══ SUPPLIED MATERIAL

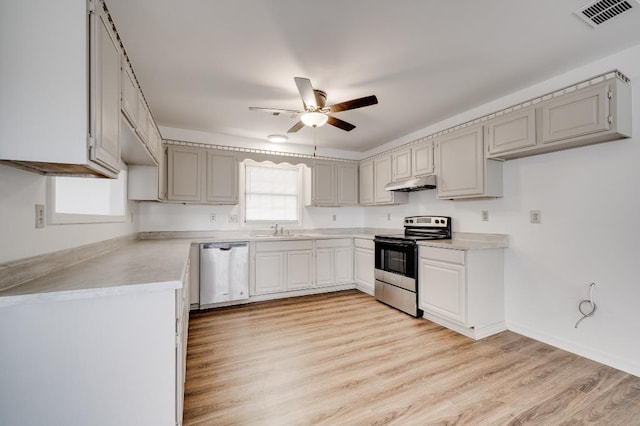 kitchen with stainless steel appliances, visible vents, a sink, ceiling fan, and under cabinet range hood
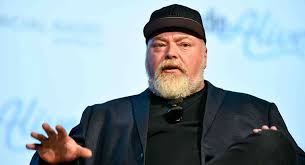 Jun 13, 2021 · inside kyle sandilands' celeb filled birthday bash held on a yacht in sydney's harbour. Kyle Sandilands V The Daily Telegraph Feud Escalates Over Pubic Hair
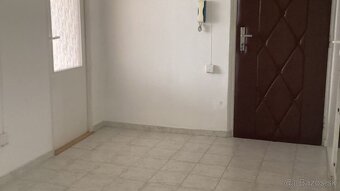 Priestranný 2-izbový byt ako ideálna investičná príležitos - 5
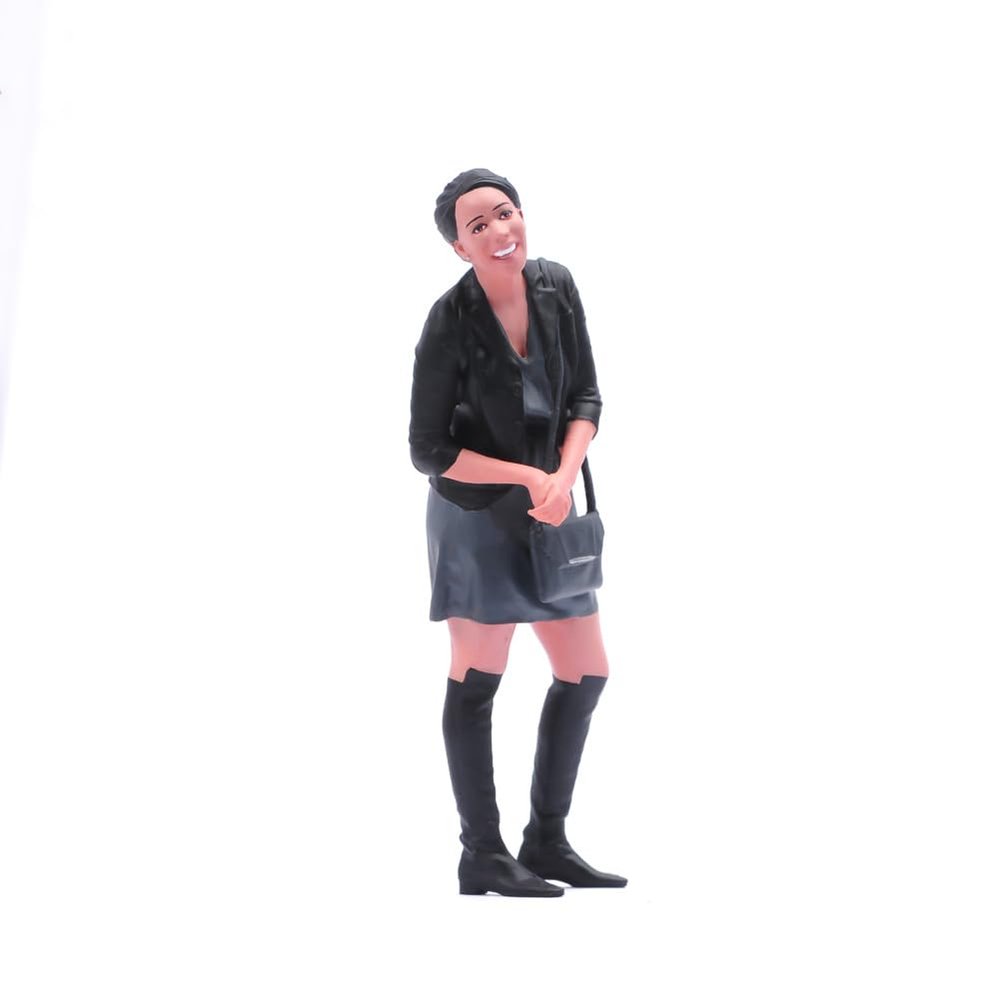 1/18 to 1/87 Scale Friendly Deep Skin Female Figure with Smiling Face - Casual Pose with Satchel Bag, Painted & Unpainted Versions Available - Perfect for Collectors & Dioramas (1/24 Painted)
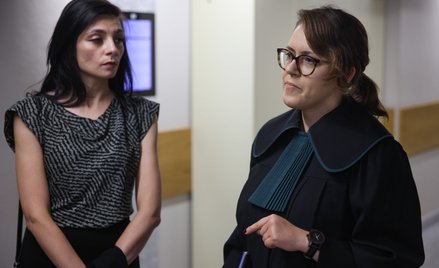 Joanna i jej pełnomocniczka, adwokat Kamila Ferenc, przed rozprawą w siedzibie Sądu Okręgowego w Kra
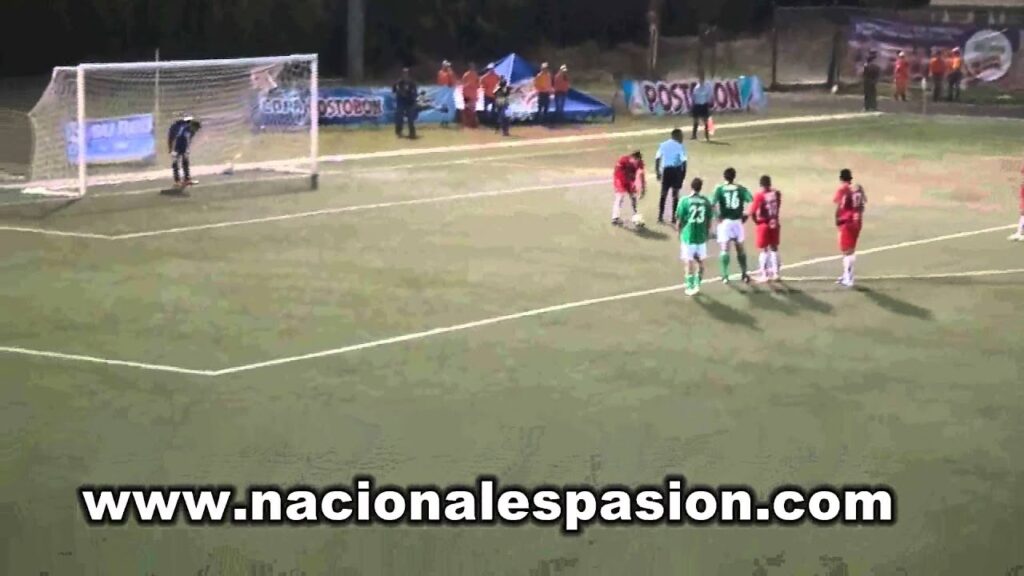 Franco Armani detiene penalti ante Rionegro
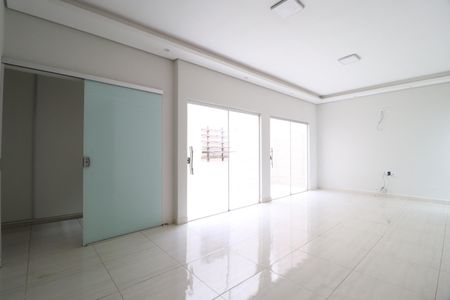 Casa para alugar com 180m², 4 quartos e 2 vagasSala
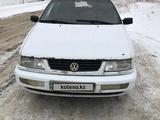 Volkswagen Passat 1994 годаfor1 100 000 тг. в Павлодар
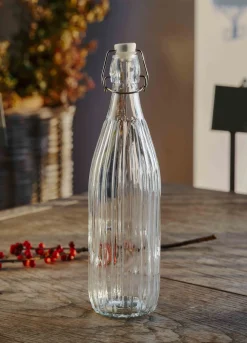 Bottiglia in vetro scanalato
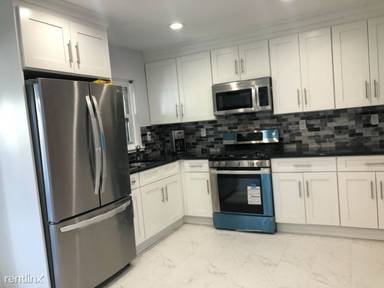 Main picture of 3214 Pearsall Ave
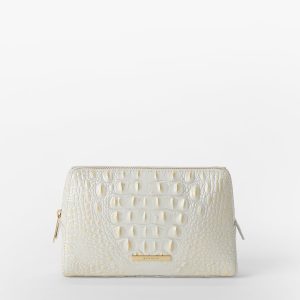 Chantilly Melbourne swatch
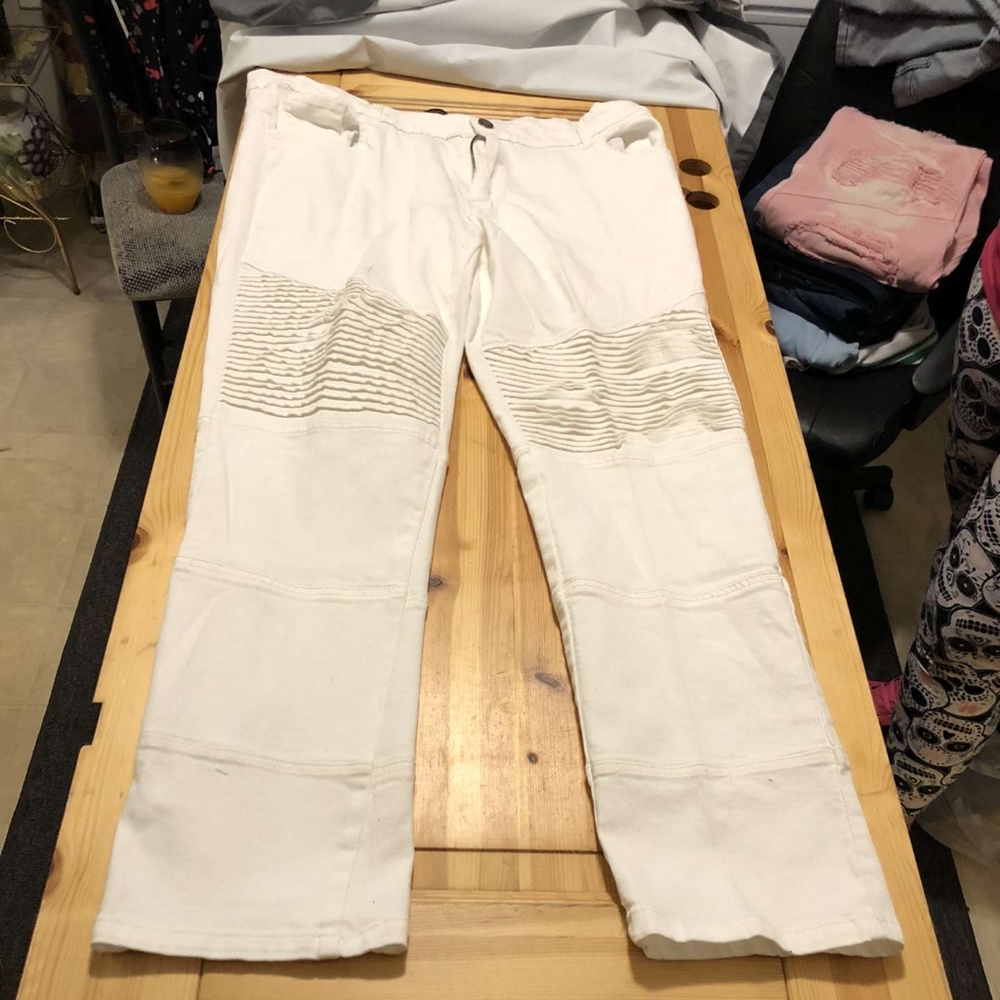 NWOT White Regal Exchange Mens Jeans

════
══ SUPPLIED MATERIAL

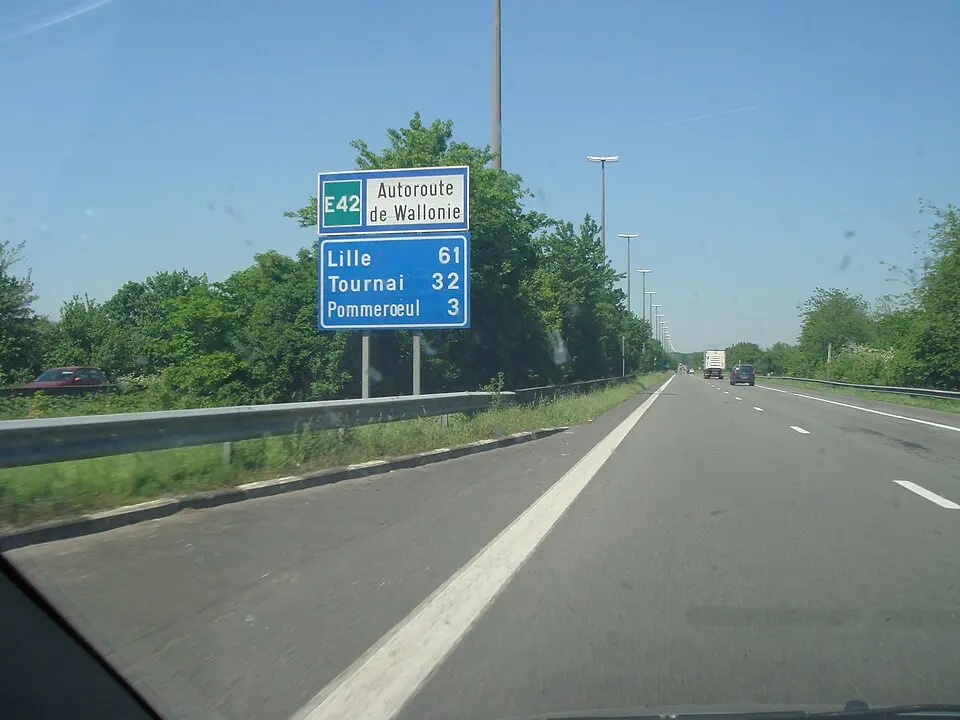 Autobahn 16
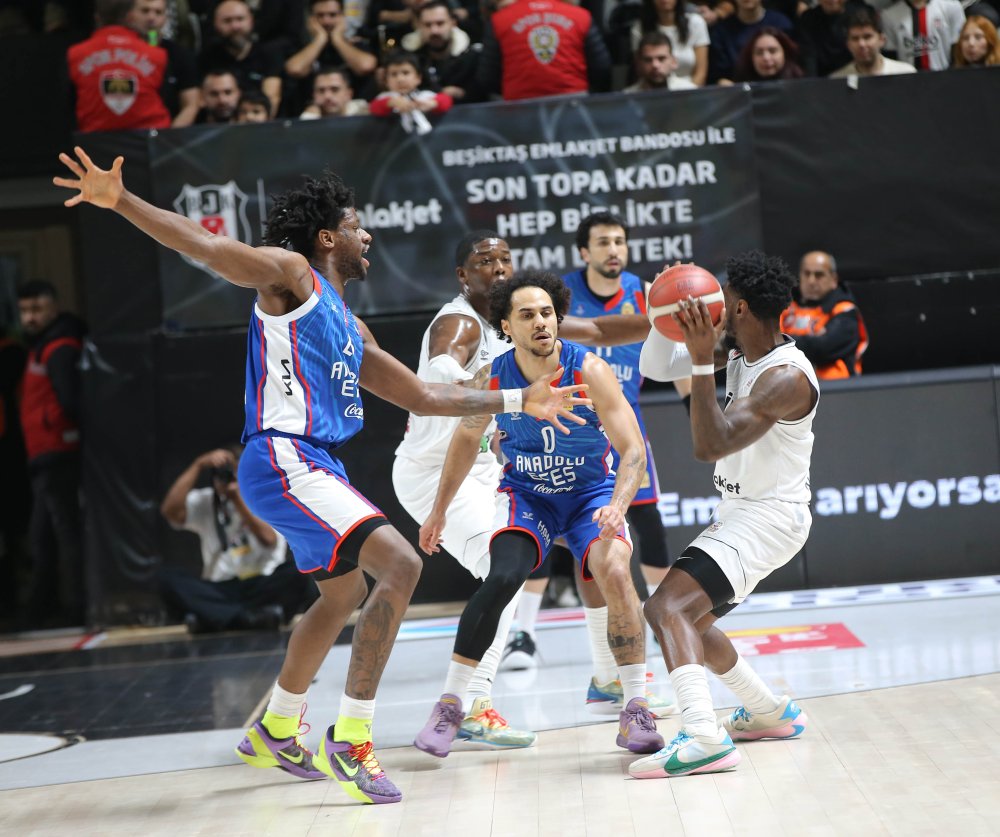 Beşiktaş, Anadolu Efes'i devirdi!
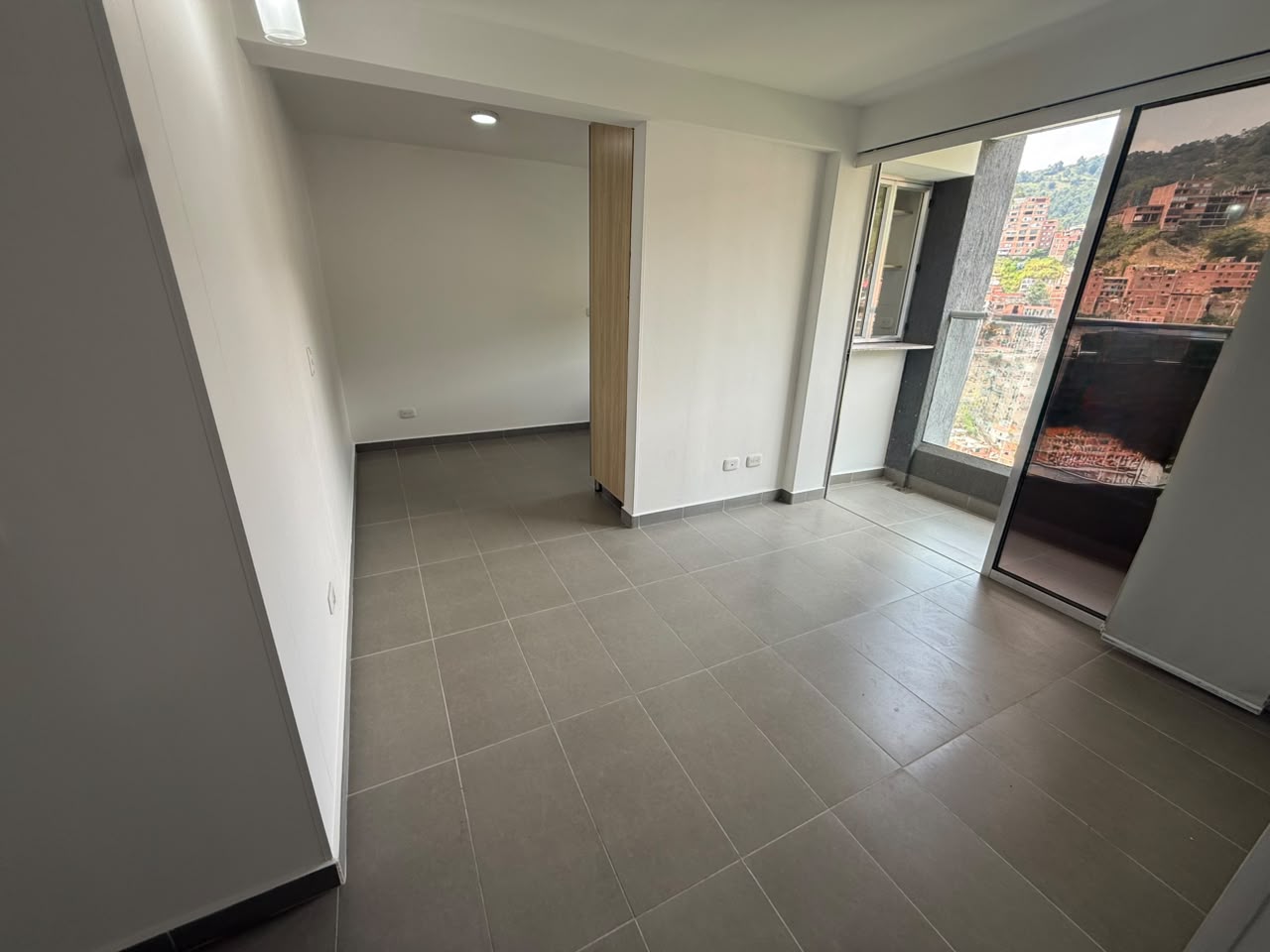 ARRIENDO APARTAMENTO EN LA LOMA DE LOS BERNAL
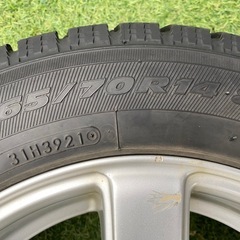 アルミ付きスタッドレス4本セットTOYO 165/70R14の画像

════
══ SUPPLIED MATERIAL

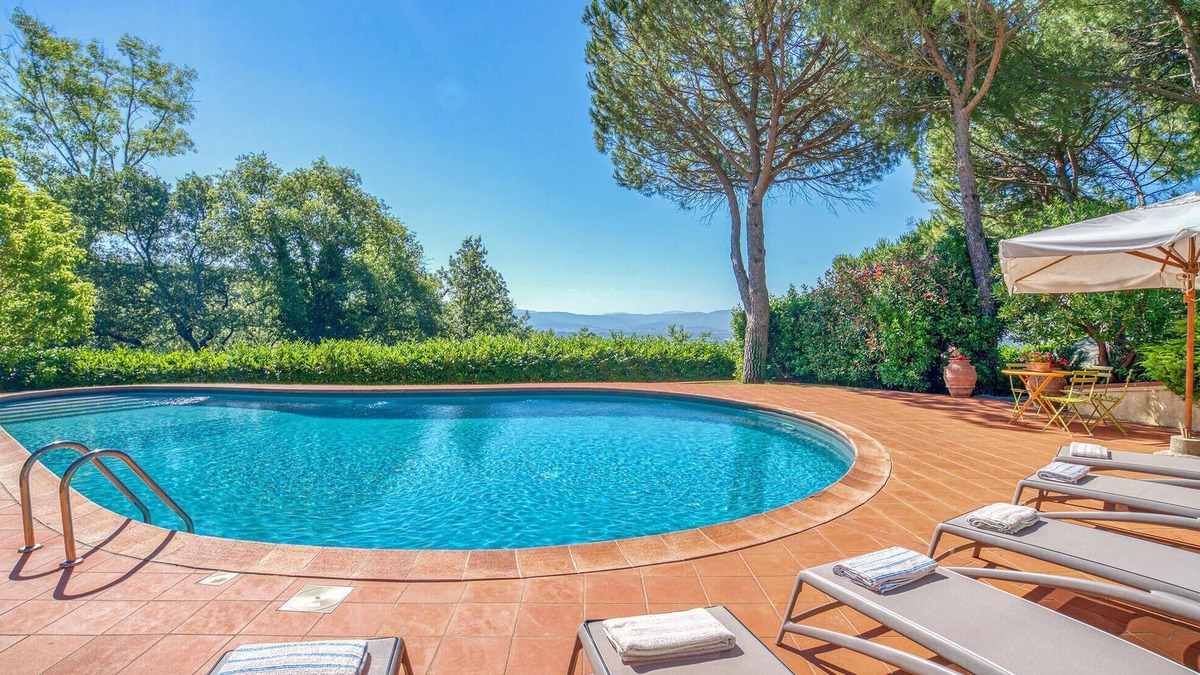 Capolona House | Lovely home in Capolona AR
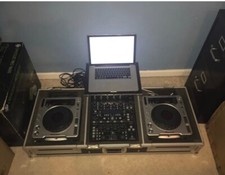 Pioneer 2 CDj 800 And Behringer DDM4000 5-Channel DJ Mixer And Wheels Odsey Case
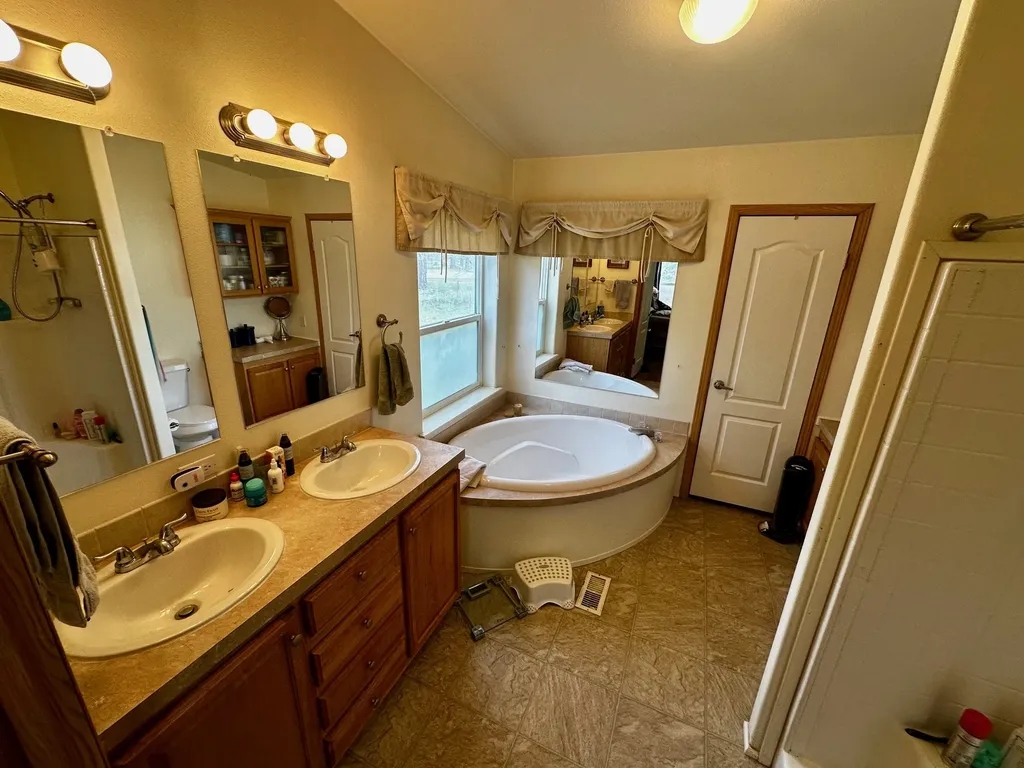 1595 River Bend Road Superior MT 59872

════

TRY IT => Pictures in the entries do not go into the copy. Print only the lines starting at the one containing "Jun 13, 2021" and ending at the one containing "Priestranný 2-izbový byt", exactly as they appear.

ANSWER AREA =>
 Jun 13, 2021 · inside kyle sandilands' celeb filled birthday bash held on a yacht in sydney's harbour. Kyle Sandilands V The Daily Telegraph Feud Escalates Over Pubic Hair
 Priestranný 2-izbový byt ako ideálna investičná príležitos - 5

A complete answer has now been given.